Most likely, semantic web standards will prove more useful for sharing data than for sharing rules of reasoning and inference. Better organization of data can only be a good thing, but it’s important to see that the semantic web is mainly about smart data, not smart machines. If it does take off, it will only be a prelude to a web that is built with smarter machines (ones with more robust and flexible capabilities for learning, parsing text, and representing knowledge).

Alternatives

The semantic web has been slow in development, but that hasn’t stopped people from building programs that have “semantic web”–like functionality. One trend has been the proliferation of data APIs. APIs make structured data available for consumption by other machines, but they don’t typically conform to semantic web standards. It turns out to be quite difficult to foster agreement on any but the loosest data standards, such as XML (which is a data formatting standard, but not a data content standard). APIs make it possible to create mashups of data from many sites, but they don’t make it trivial—most API’s speak their own idiosyncratic language, and it takes work to connect a lot of different APIs together.

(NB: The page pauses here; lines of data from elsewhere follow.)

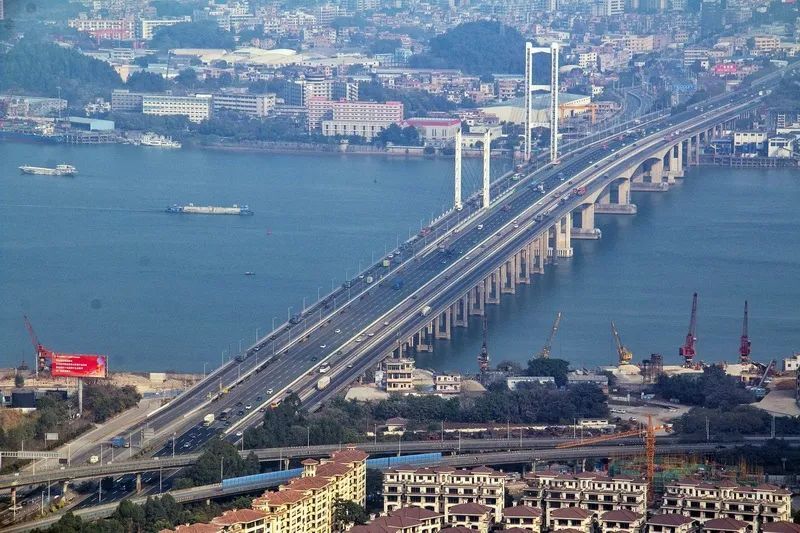 17年后,广东佛山九江大桥又被撞了,搜救进行中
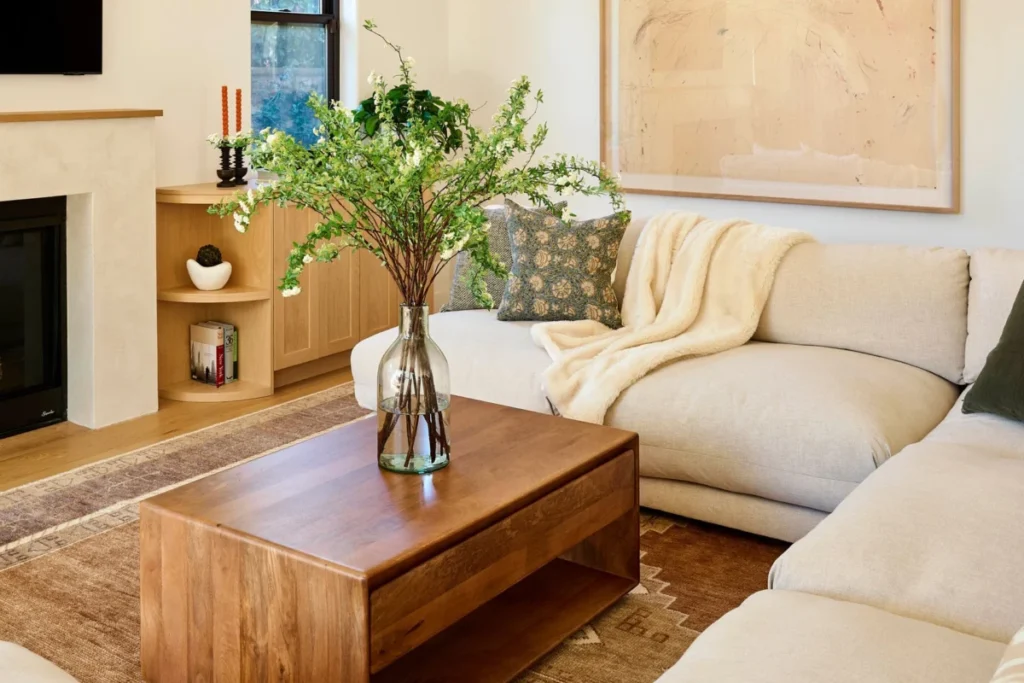 The Evolution of Premium Textiles and Sustainable Home Decor A Comprehensive Analysis of the High-End Throw Blanket Market in 2024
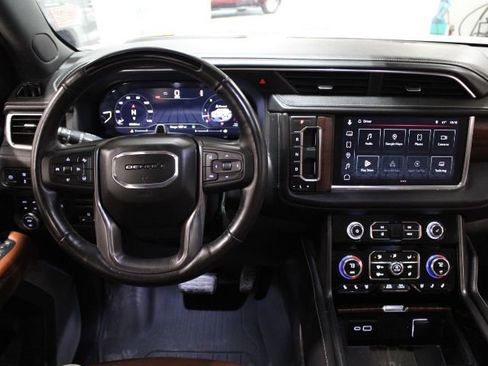 Used 2023 GMC Yukon XL Denali Ultimate w/ LPO, Floor Liner Package image 32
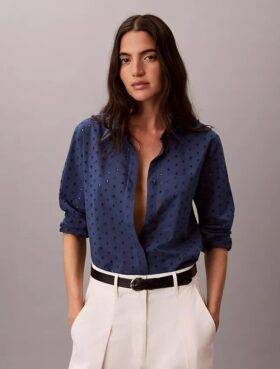 Chemise boutonnée en broderie anglaise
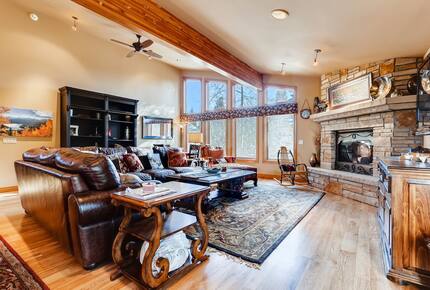 Frisco Mountain View Retreat | Close to 5 Ski Resorts - Frisco, Colorado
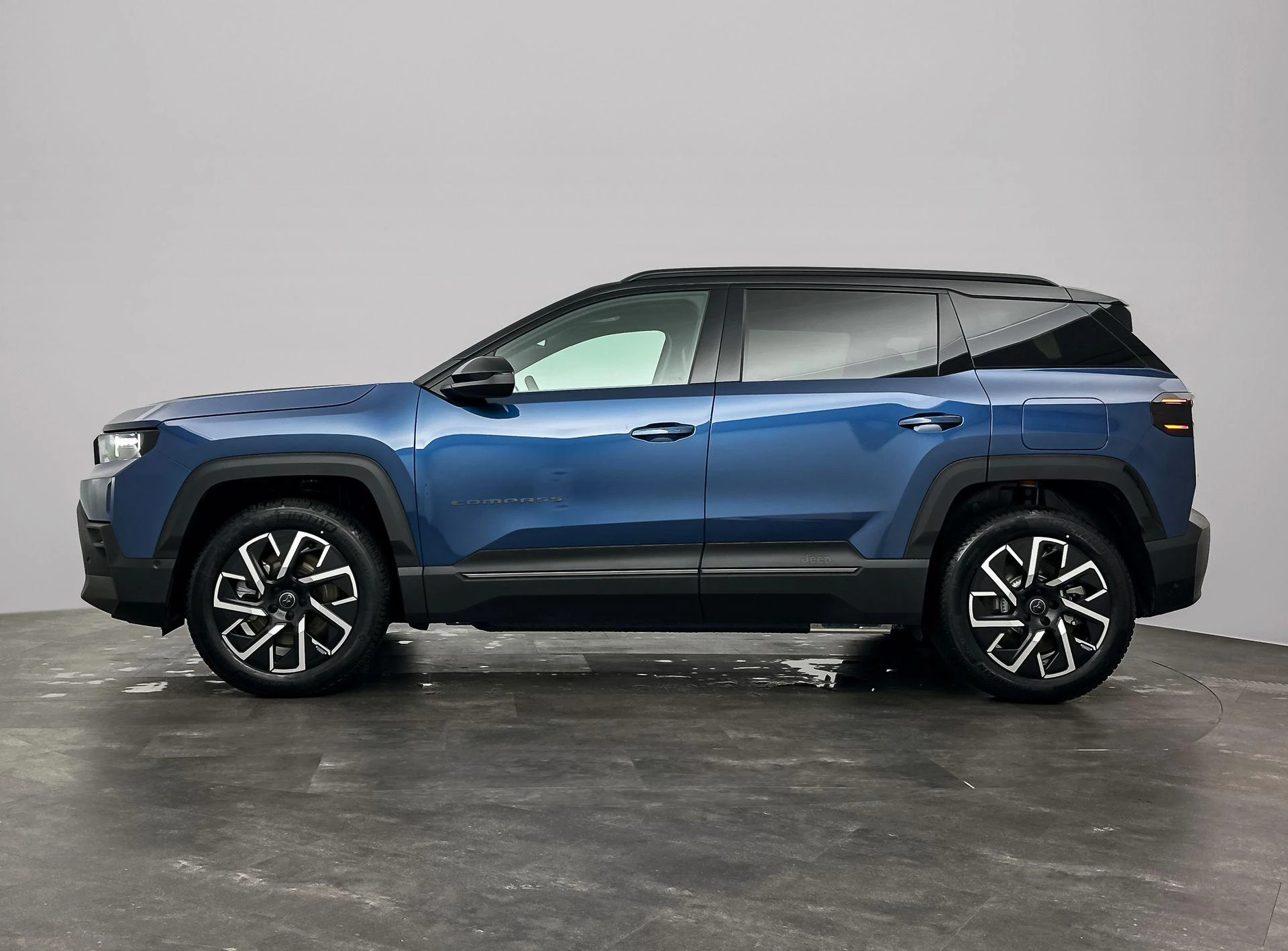 Jeep Compass 74kwh First Edition
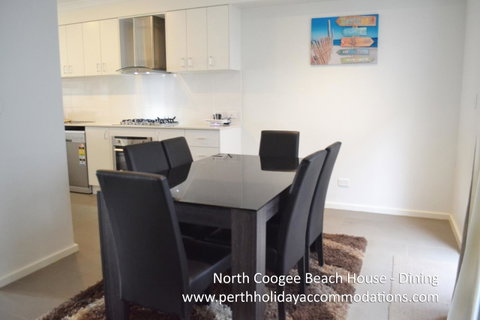 North Coogee Beach House - Accommodation Redcliffe 19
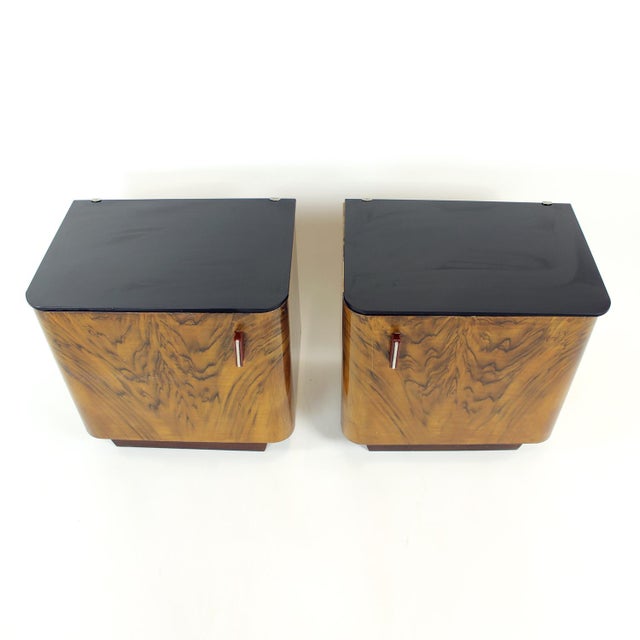 1940s Art Deco Bedside Tables with Faux Wood Graining and Glass, Czechoslovakia, 1940s, Set of 2 For Sale - Image 5 of 11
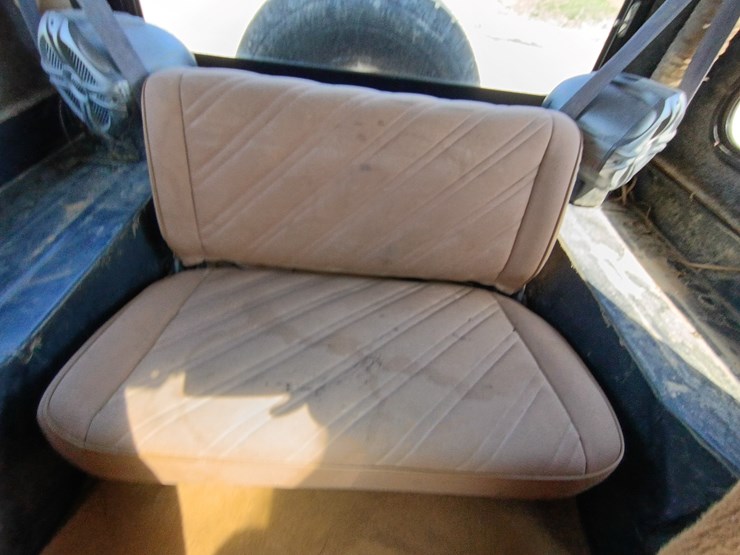 1993-jeep-wrangler-image-57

Another trend in this direction has been the development of programs that parse free text. The driving assumption behind the semantic web is that to enable computers to perform complex tasks on the internet, it will be easier to get publishers to agree on common data standards than to build machines that can parse unstructured data. It’s not clear that this is right. Oddly, for some types of data, it has been easier to build smarter machines. OpenCalais, now owned by Thomson Reuters, is a promising software service in this area. OpenCalais scans any piece of text and automatically extracts entities, facts, and events (including the entity “Park Hyatt Chicago”).  It even marks them up using the semantic web standard RDF. In a way, OpenCalais acts like a translator between plain html and the shiny new world of the semantic web. And in a way, as this kind of smart NLP technology becomes more widespread, it seems to undermine the need for the semantic web itself.